Krishnaben Khakhrawala is an Indian television series that premiered on Sony TV on 29 November 2010. The series is produced by Neela Tele Films.

The show ended on 29 September 2011, reportedly due to low ratings.

==Plot==

Krishnaben Khakhrawala's story is based on the Khakhra of Krishnaben. People like and love Krishnaben more than her Khakhras. She is about 45 years old, and is an icon for the common man. Her energy, hard work and her image of an ideal mother is recognized by people in this region. She is a sensitive business woman also.

Life of Krishnaben has been a mixed bag of joy and pain but Krishnaben has taken everything in her stride to become what she is today. Krishnaben's husband, Ravi died within 12 years of their marriage. Krishnaben took responsibility of her 3 sons-10 years old Ilesh, 9 years old Nilay, 7 years old twins Uday and a daughter – Divya very carefully. Krishnaben raised the children and faced life with a lively and undying spirit. She is also a loving, caring and religious woman. She has principle, positive thinking and a strong will.
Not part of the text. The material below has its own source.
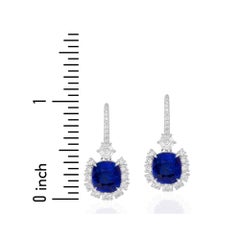 5.78 Carat Sapphire Drop Earrings With 1.58 CT of Diamonds in 18K/PLAT Ref614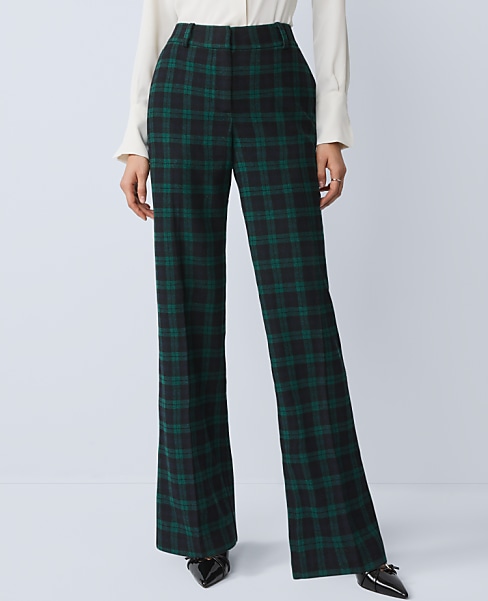 The Petite Jayne Trouser in Plaid - Curvy Fit - Rainforest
Even though Krishnaben is a widow, she dresses up well for her children's sake. The story of Krishnaben Khakhrawala on Sony TV begins at a point when, the children want their mother to stop working hard by selling snacks and live peacefully and relax with them. Krishnaben also respects her children's demand. She had sacrificed her life, working hard day and night for her children in this serial. She had taught them good values.

==Cast==

===Main===
- Indira Krishnan as Krishna Ravi Patel a.k.a. Krishnaben Khakrawala - Ilesh, Nilay, Uday and Divya's mother, Bhoomi 's mother in law. Ravi's widow. She is a hardworking woman by making khakras and businesswoman; Her husband died within 12 years of their marriage and she raised her children and faced life with a lively and undying spirit; She is a loving, caring and religious woman and a homemaker; Her shop is near her home in the Ambawadi chawl. (2010–2011)
- Rajesh Shringarpure as Ravi Patel :Krishna's late Husband; Ilesh, Nilay, Uday and Divya's Father
- Nehalaxmi Iyer as Divya Ravi Patel :Krishna and Ravi's daughter; Elesh, Nilay, Uday's sister; Bhoomi's sister-in-law.(2010–2011)
- Mehul Vyas as Uday Ravi Patel- Elesh, Nilay, Divya's brother; Krishna and Ravi's youngest son.
- Dhruvraj Sharma as Nilay Ravi Patel: Krishna and Ravi's son, Elesh, Uday and Divya's brother
- Sohan Master as Ilesh Ravi Patel- Krishna and Ravi's elder son; Nilay, Uday and Divya's elder brother; Bhoomi's husband.

===Recurring===
- Shilpa Raizada as Basanti
- Sonia Kapoor as Mitali Kapoor
- Rita Bhaduri as Santu Baa She is a rich woman and likes show off her wealth and She wanted to stay Bhoomi and Elesh in a flat not in a chawl; she had fights with Krishnaben. She is from Surat; Bhoomi's grandmother.(2011)
- Massheuddin Qureshi as Bhumi's father
- Jyoti Patel as Lakshmi
- Simran Khanna as Bhoomi Elesh Patel - Elesh's wife; Krishnaben's daughter in law
- Vinayak Ketkar as Saraswati's husband
- Mehul Nisar
- Mansi Jain as Nikita: Divya's bully.